1. Field of the Invention
The present invention relates to a communication device. More particularly, the present invention relates to calibration in a communication device.
2. Description of the Related Art
In recent years, there is a trend of supporting multi-band and multi-mode, and concurrently minimizing cost and power consumption, in a mobile communication system. To meet this trend, a transceiver structure of a Mobile Station (MS) may use a direct conversion scheme. A transceiver employing the direct conversion scheme has a simple structure, and has an advantageous feature in size and cost, and has a reconfigurable structure that is easy to use. However, the direct conversion scheme has a characteristic of being sensitive to circuit impairment such as In-phase/Quadrature-phase (IQ) mismatch, Transmitter Local Oscillator (TX LO) feed-through, RX Direct Current (DC)-offset and the like. The imperfection of the aforementioned Radio Frequency (RF) processing means is one cause of transceiver performance deterioration. Accordingly, calibration is performed to compensate for the aforementioned imperfection.

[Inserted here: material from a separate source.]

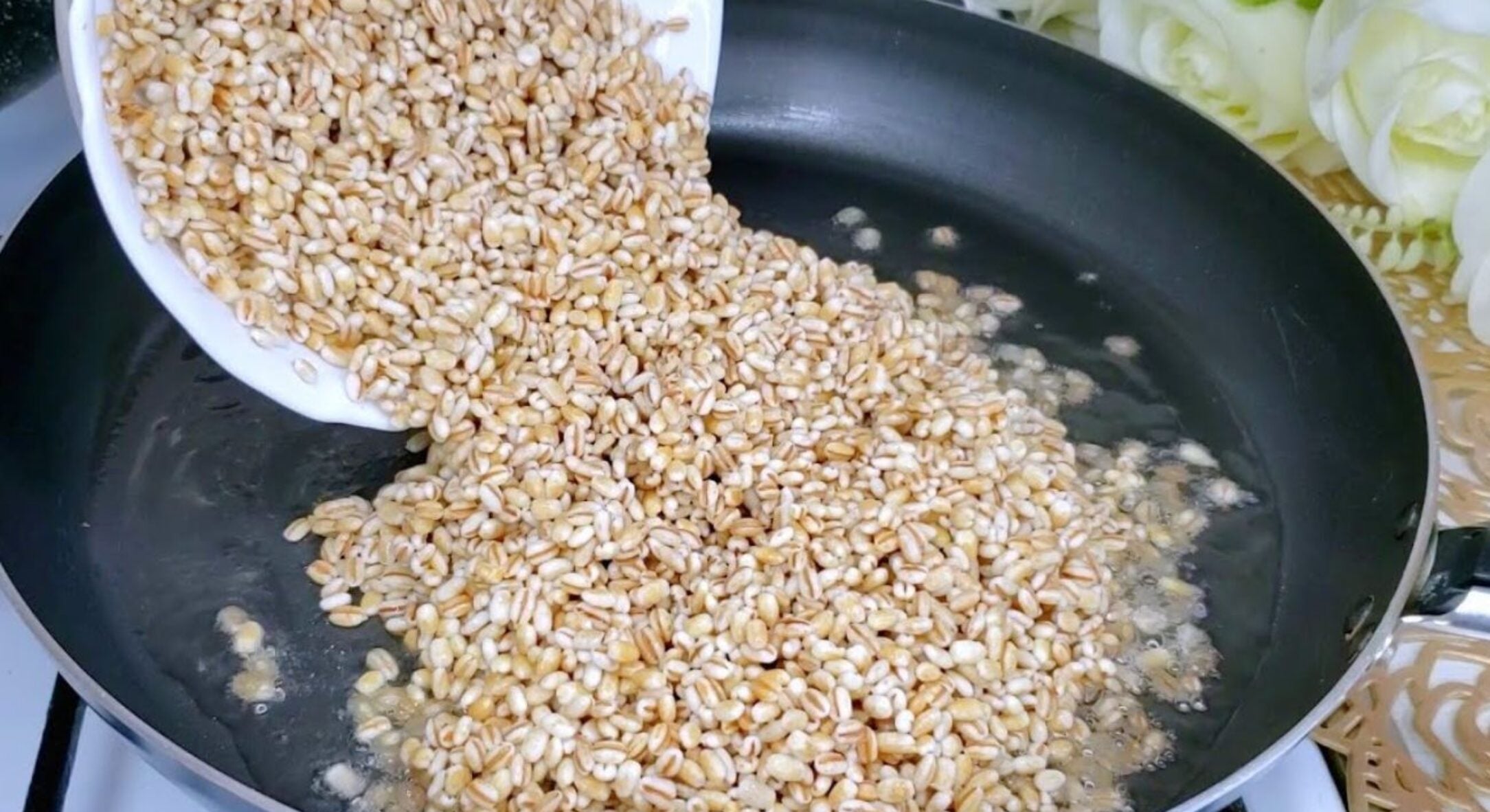 Перед варінням перловки додаю у воду рівно 1 ложку – вона завжди виходить розсипчаста і без слизу 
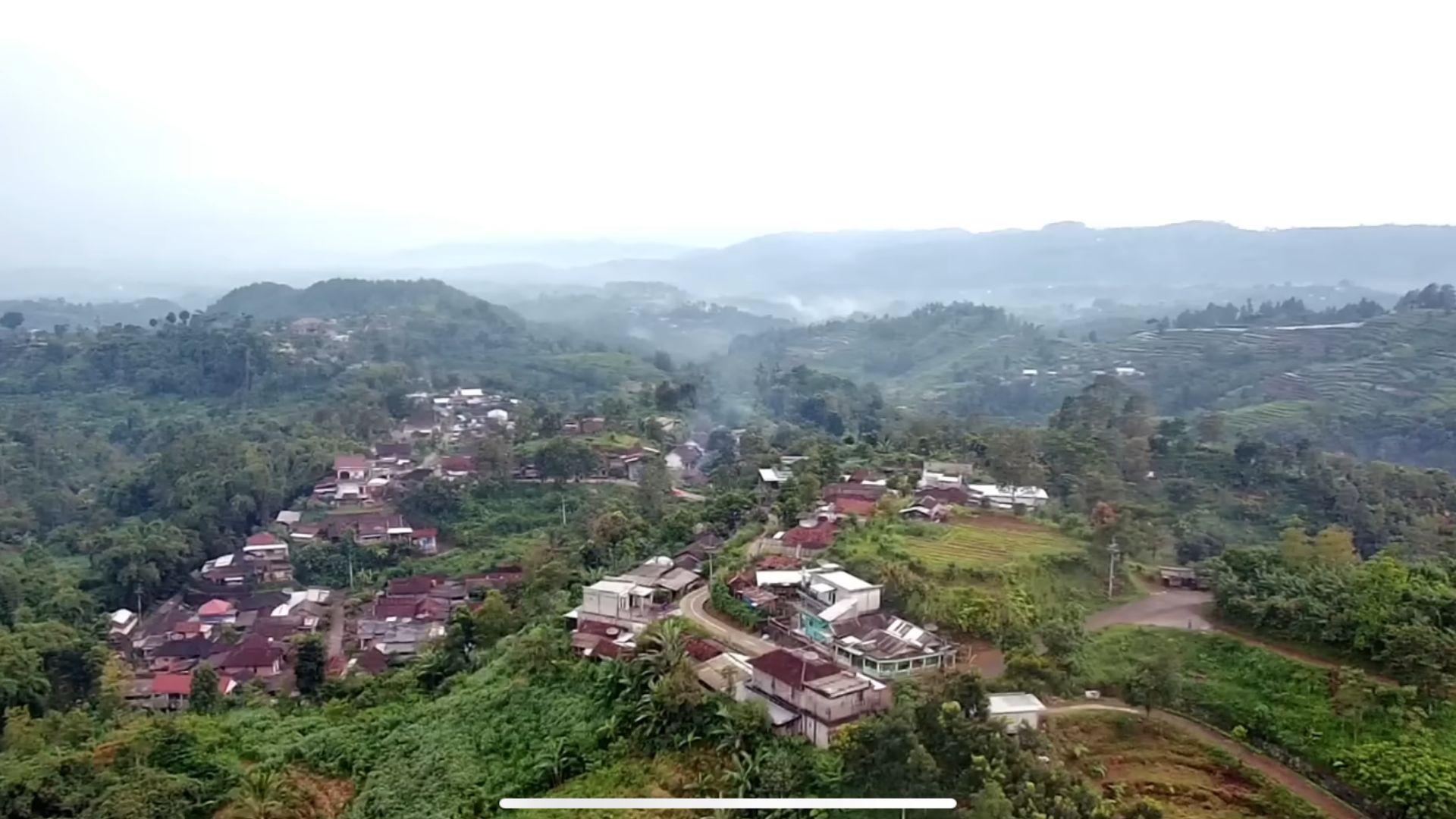 Tampak dari atas Desa Geger, Kecamatan Sendang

Also, as the commercialization of a next-generation system having a high data rate makes progress, a transceiver supporting the high data rate is being developed. To provide the high data rate, the transceiver requires lower Error Vector Magnitude (EVM) performance than a legacy system. To meet the low EVM, a distortion of the transceiver generated while a signal goes through the whole system should be minimized. The distortion of the transceiver results in the deterioration of a Signal to Noise Ratio (SNR) of a signal. Mostly, the distortion of the transceiver is generated while a signal goes through an analog and RF circuit. In order to remove the impairment of the analog and RF circuit to guarantee performance, calibration for the analog and RF circuit is performed.
In general, the calibration for the analog and RF circuit is controlled in a digital block processing a digital signal. For instance, the digital block includes a modulator/demodulator (modem). For example, the calibration for the analog and RF circuit is carried out by a control signal from the modem, in a state where the analog and RF circuit and the modem interwork with each other. In this case, it is difficult to achieve an accurate measurement for analog and RF circuit performance, because self-calibration of a chip level including the analog and RF circuit is not performed. Accordingly, when the analog and RF circuit goes beyond a performance difference assumed as a margin upon interworking with the modem, in other words, when the calibration for the analog and RF circuit is performed in a situation where the analog and RF circuit and the modem interwork with each other, there is a possibility that a situation occurs in which the performance of the analog and RF circuit does not meet the required system standard. Also, the calibration for the analog and RF circuit performed in a state where the analog and RF circuit and the modem interwork with each other consumes a relatively higher cost than a test at a chip level.
The above information is presented as background information only to assist with an understanding of the present disclosure. No determination has been made, and no assertion is made, as to whether any of the above might be applicable as prior art with regard to the present invention.